┌─ AVAILABLE DATA
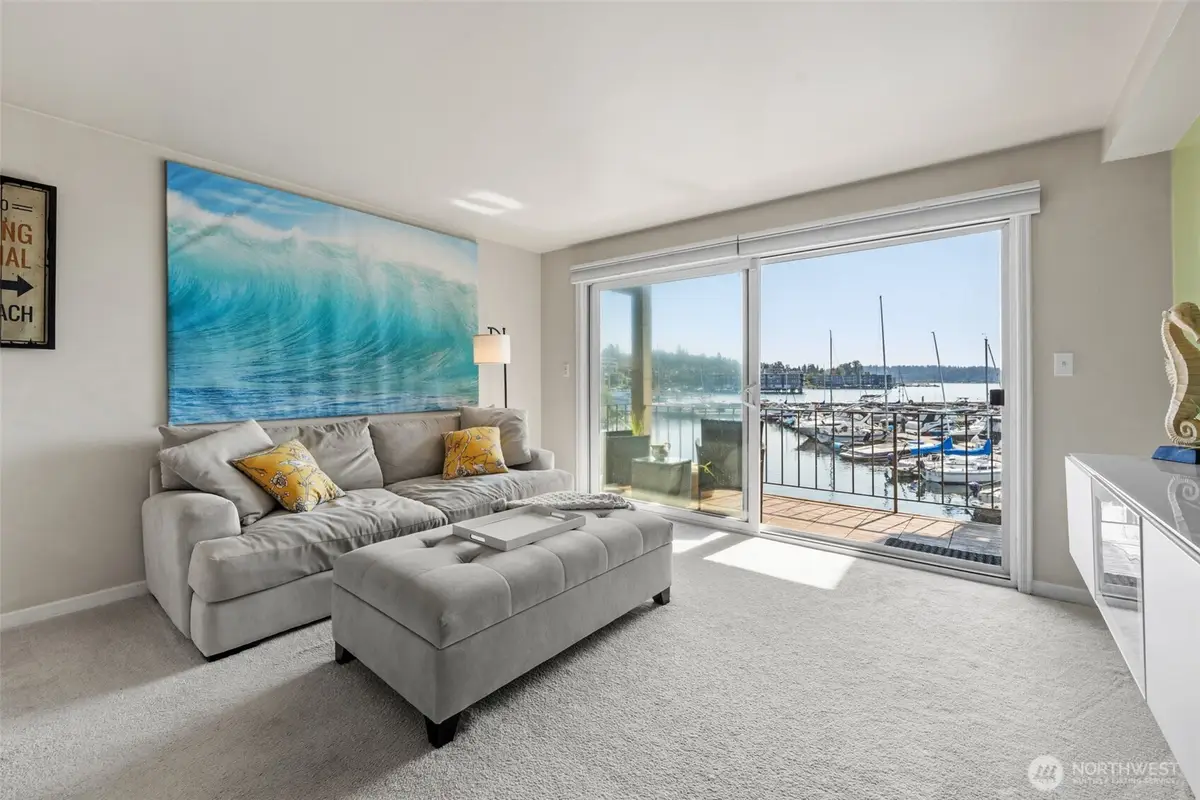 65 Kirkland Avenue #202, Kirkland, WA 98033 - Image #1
└─
┌─ AVAILABLE DATA
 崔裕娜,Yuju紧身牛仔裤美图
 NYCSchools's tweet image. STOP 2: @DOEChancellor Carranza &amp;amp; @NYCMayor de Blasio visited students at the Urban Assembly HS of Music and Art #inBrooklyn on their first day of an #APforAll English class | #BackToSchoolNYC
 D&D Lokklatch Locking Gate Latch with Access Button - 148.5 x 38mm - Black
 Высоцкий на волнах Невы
└─
*PROBLEM REQUIREMENTS*
From the records above, reproduce exactly the lines from the one with "崔裕娜,Yuju紧身牛仔裤美图" to the one with "Высоцкий на волнах Невы", both included, and no others.

*REPLY TO THE EXERCISE*
 崔裕娜,Yuju紧身牛仔裤美图
 NYCSchools's tweet image. STOP 2: @DOEChancellor Carranza &amp;amp; @NYCMayor de Blasio visited students at the Urban Assembly HS of Music and Art #inBrooklyn on their first day of an #APforAll English class | #BackToSchoolNYC
 D&D Lokklatch Locking Gate Latch with Access Button - 148.5 x 38mm - Black
 Высоцкий на волнах Невы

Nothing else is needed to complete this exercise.